Exercise brief:
Starting at the line below that contains "Сухари панировочные Приправка" and ending at the line that contains "Petsantel Frasco 50 Ml Weiss Pharma", retype each line exactly as it stands, but omit the pictures.
--- Records for this task ---
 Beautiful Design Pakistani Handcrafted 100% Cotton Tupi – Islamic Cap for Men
---
--- Records for this task ---
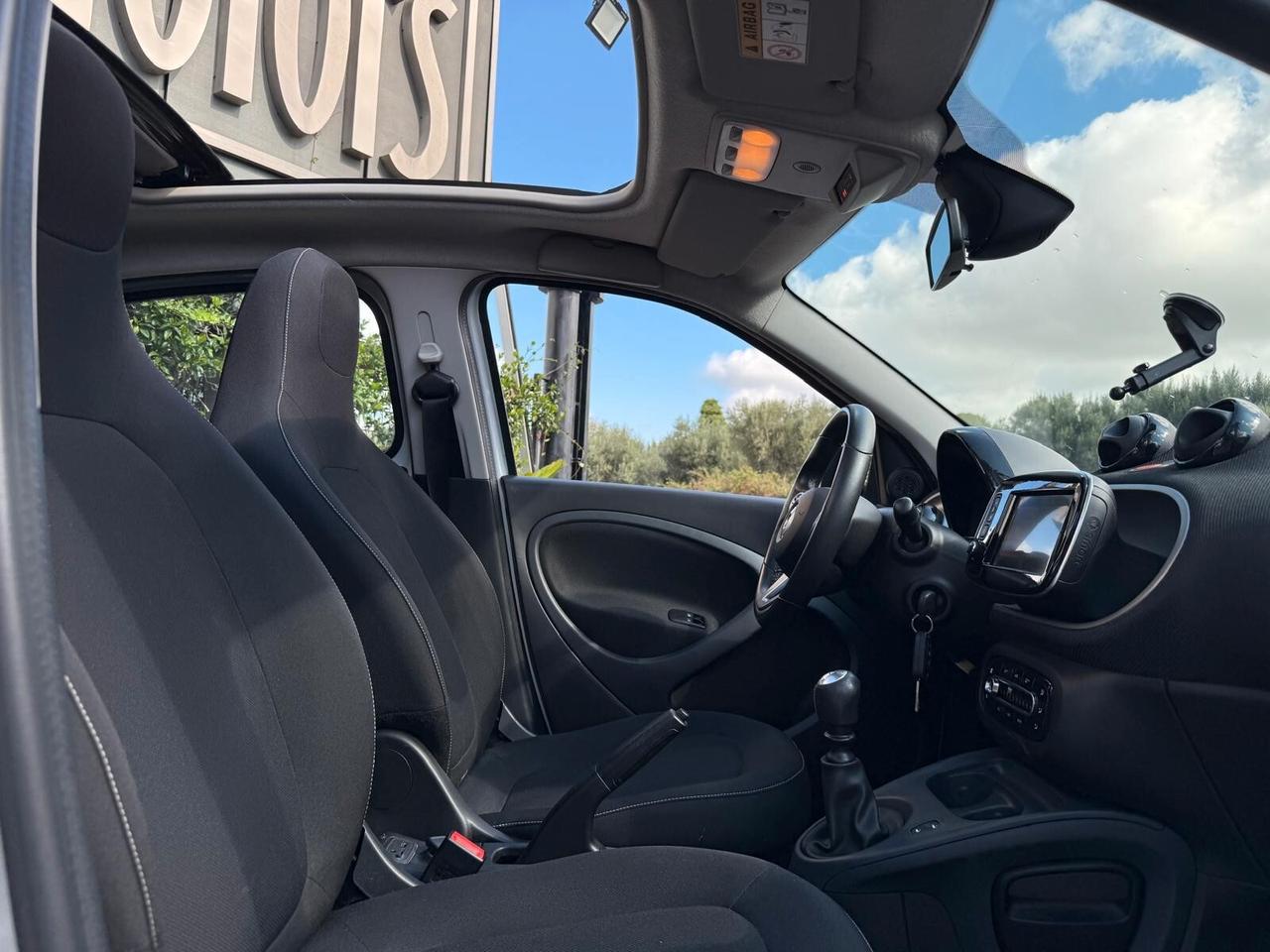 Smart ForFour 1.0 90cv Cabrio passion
---
--- Records for this task ---
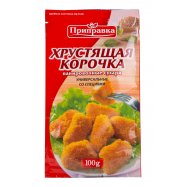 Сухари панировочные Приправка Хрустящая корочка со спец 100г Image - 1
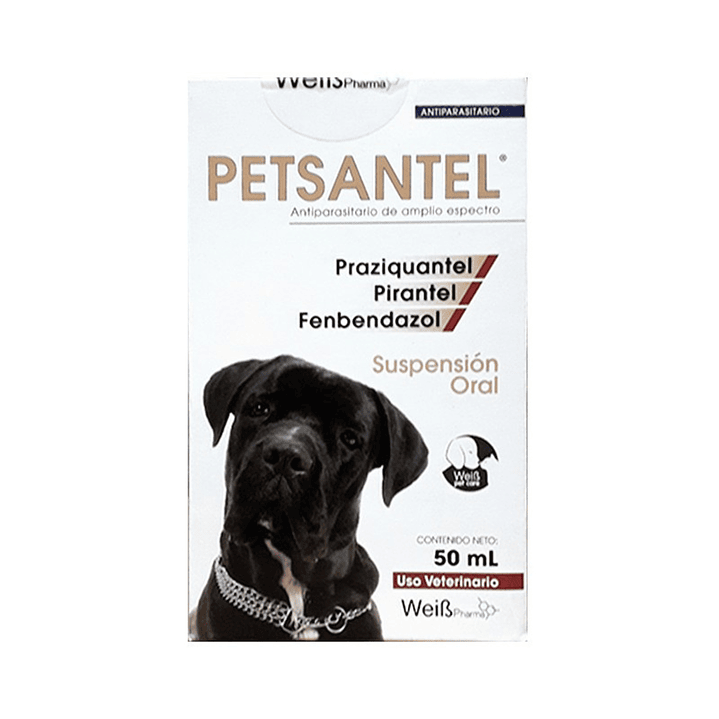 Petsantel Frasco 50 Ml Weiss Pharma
---
Solution to the problem:
 Сухари панировочные Приправка Хрустящая корочка со спец 100г Image - 1
 Petsantel Frasco 50 Ml Weiss Pharma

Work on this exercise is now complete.